> [Available records]
-------------------------
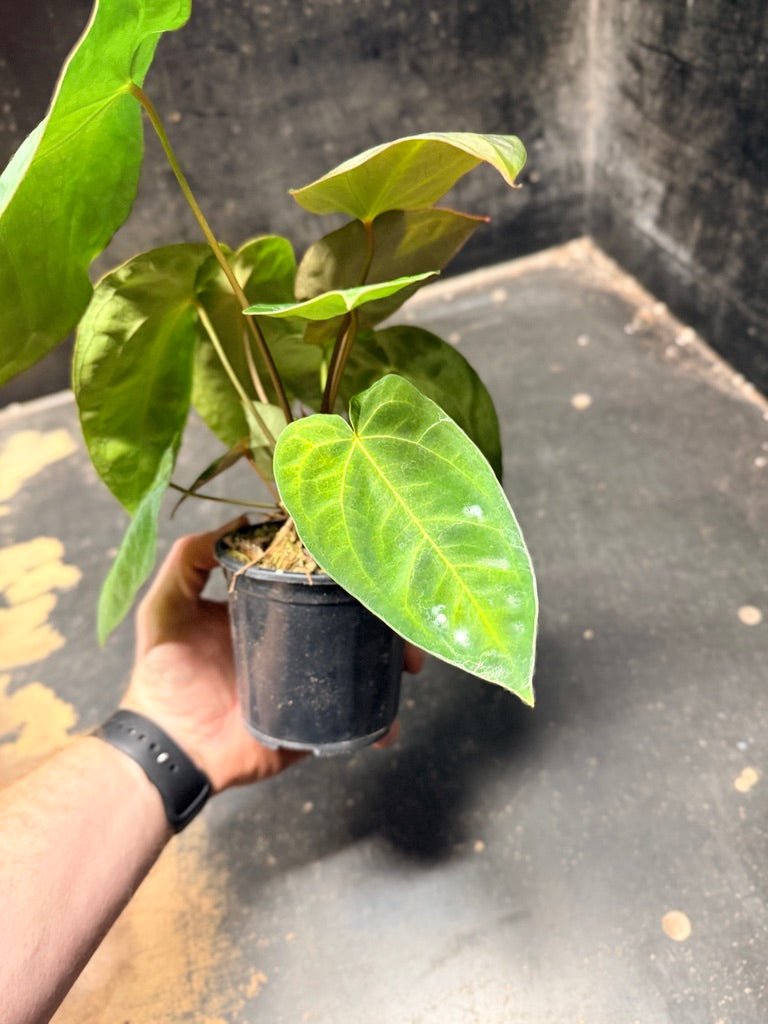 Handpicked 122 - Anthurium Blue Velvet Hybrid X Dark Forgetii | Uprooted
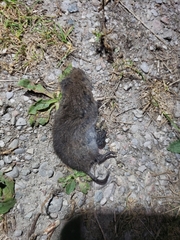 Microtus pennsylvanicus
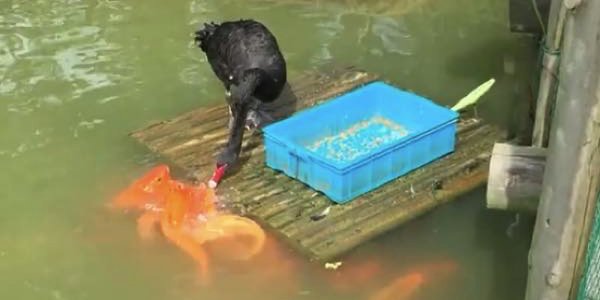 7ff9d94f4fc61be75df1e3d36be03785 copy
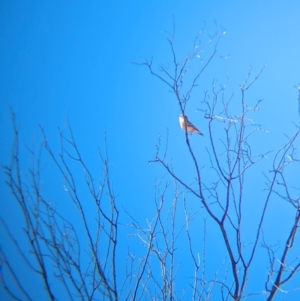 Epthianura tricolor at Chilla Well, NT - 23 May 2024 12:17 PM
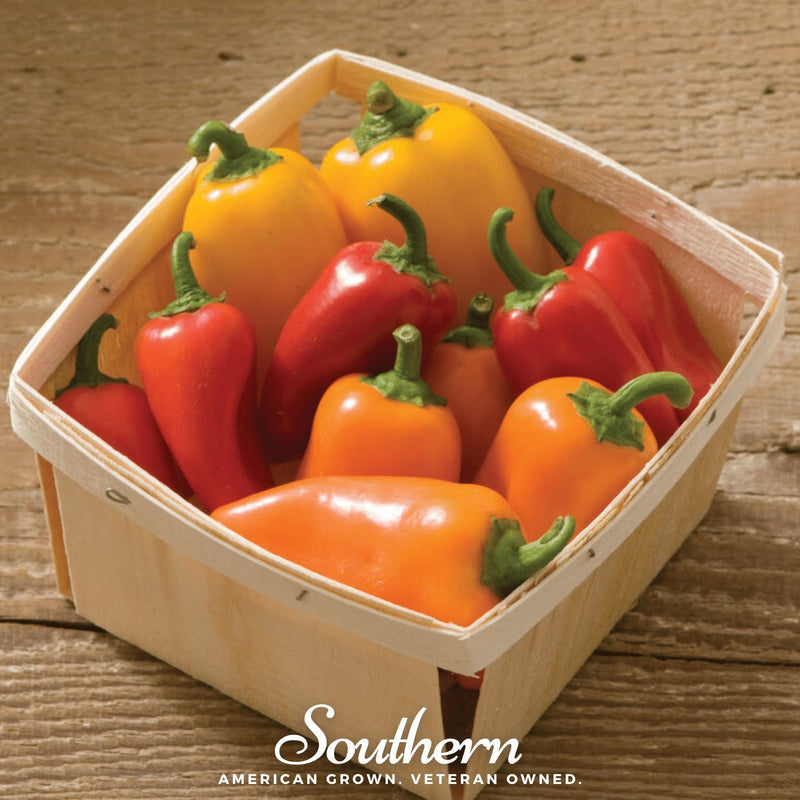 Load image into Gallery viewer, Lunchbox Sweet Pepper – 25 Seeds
-------------------------
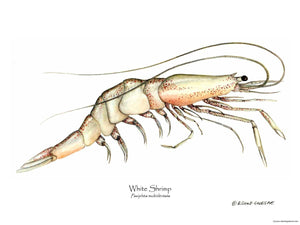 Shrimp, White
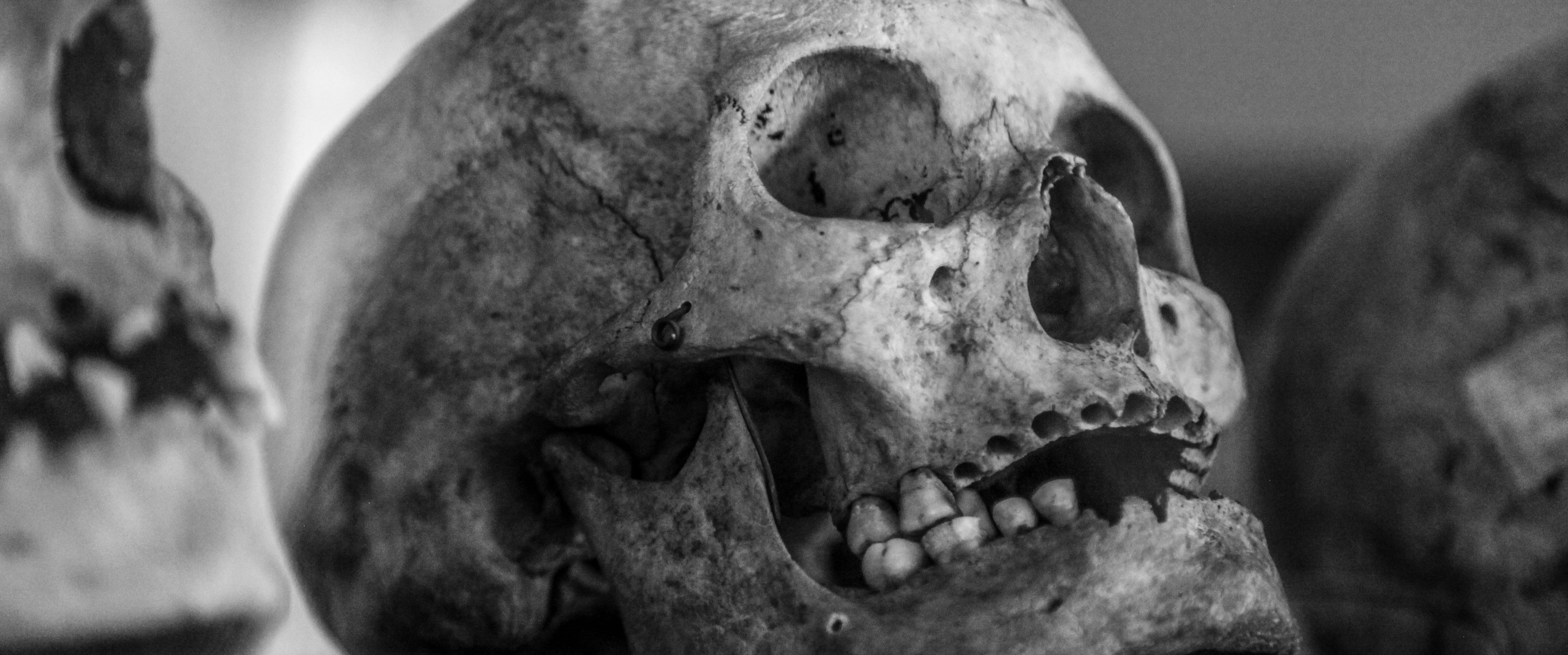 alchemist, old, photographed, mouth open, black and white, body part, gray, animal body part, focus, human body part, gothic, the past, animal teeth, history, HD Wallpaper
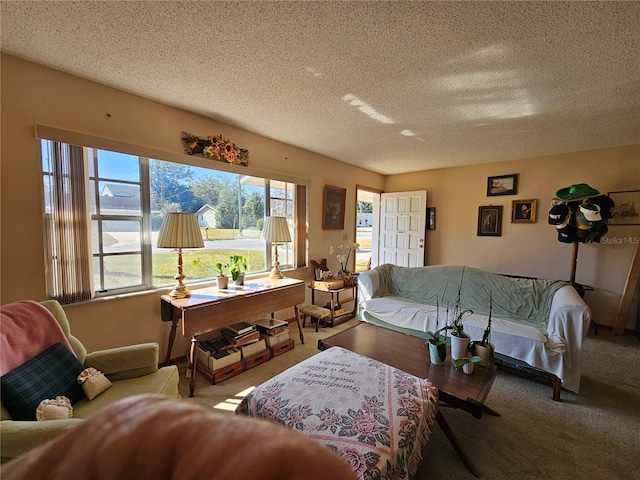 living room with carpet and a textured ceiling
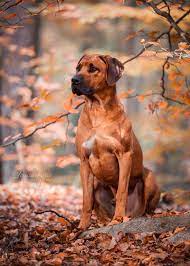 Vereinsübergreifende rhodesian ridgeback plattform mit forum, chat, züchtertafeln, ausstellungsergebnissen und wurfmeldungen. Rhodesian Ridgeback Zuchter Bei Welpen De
-------------------------
> [Task to carry out] Retype the lines above exactly as they appear, from the line containing "Handpicked 122 - Anthurium" through the line containing "Load image into", and leave out any pictures.

> [Response to this exercise]
 Handpicked 122 - Anthurium Blue Velvet Hybrid X Dark Forgetii | Uprooted
 Microtus pennsylvanicus
 7ff9d94f4fc61be75df1e3d36be03785 copy
 Epthianura tricolor at Chilla Well, NT - 23 May 2024 12:17 PM
 Load image into Gallery viewer, Lunchbox Sweet Pepper – 25 Seeds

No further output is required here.